- Research revealed that a happy marriage protects mental health.
- Britain’s Queen Elizabeth’s 73-year marriage is an example of the great mental health benefits of marriage.
The passing of the World’s longest reigning monarch, Queen Elizabeth II, feels like the end of an era. While her biggest legacy happens to be her 70-year-old reign, Queen Elizabeth’s 73-year marriage to Prince Philip, The Duke of Edinburgh, has been considered the stuff of fairytales.
The Queen went on to describe him as his “strength and stay” and the lengthy tenure of the marriage not only gave her the stable image of a married public woman but also ensured a successful partnership throughout the longest reign in British history.
The Case For Marriage
Marriage is a timeless institution but it has been subjected to much debate over the years.
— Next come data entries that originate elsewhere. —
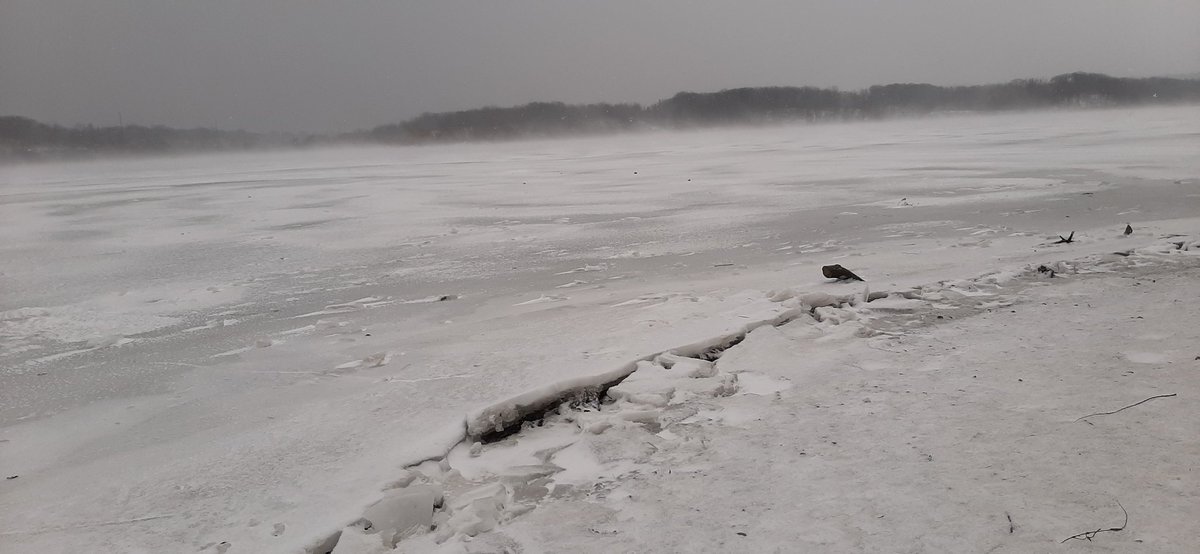 #rbgtrails Cootes Marsh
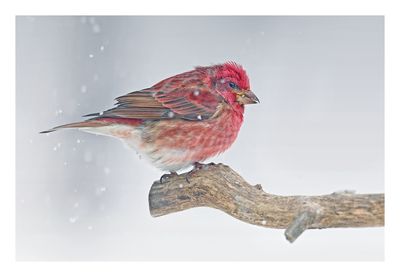 Purple Finch
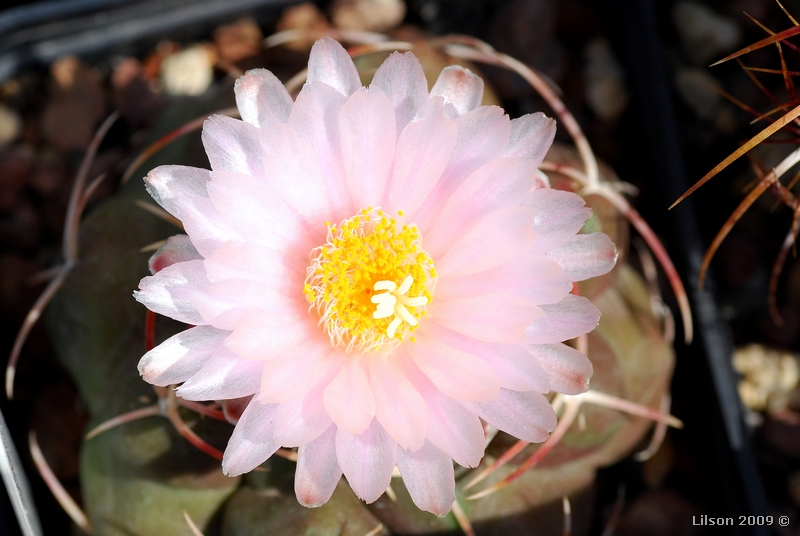 Thelocactus hexaedrophorus 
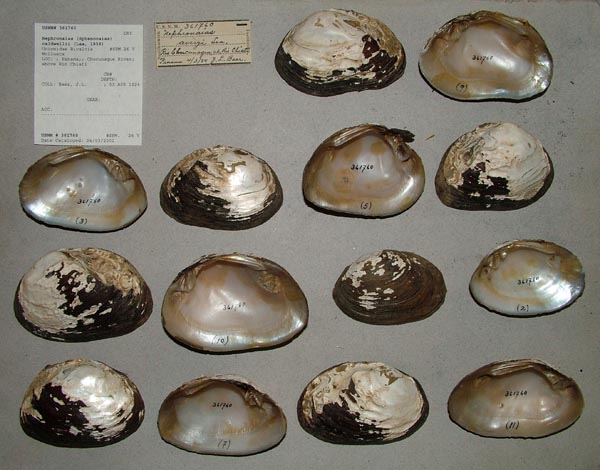 specimen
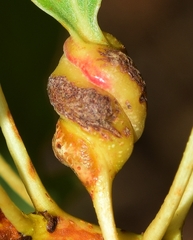 Pemphigus spyrothecae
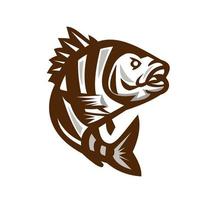 Sheepshead Fish Jumping Isolated Retro vector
While physical harm, mental health issues and divorce related to the institution have come under intense scrutiny and criticism—much research has highlighted the mental and physical health advantages of marriage.
In fact, Queen Elizabeth II’s 73-year marriage illustrates the enduring values and benefits of marital companionship that span a lifetime.
Marriage Benefits Physical Health
Research shows that marriage impacts life expectancy, by encouraging sound health behaviors like adequate exercise, good sleep, a nutritious diet, and satisfying social life. A happy marriage reduces risks of physical health conditions such as:
- Cardiovascular diseases
- Coronary diseases
- Chronic inflammation
- Immune system dysregulation
Marriage Protects Mental Health
A happy marriage and mental health go a long way. Studies show that marriage affects psychological health significantly—enhancing mental resources like self-confidence, self-efficacy, and self-regulation. Enjoying marital happiness and satisfaction can safeguard you against several forms of mental illness, including:
- Mood disorders
- Social withdrawal
- Substance abuse
- Self-harm and suicide
On the other hand, marital distress and dissatisfaction have a bidirectional connection with mental health. For instance, marital conflict doubly increases the susceptibility to depression.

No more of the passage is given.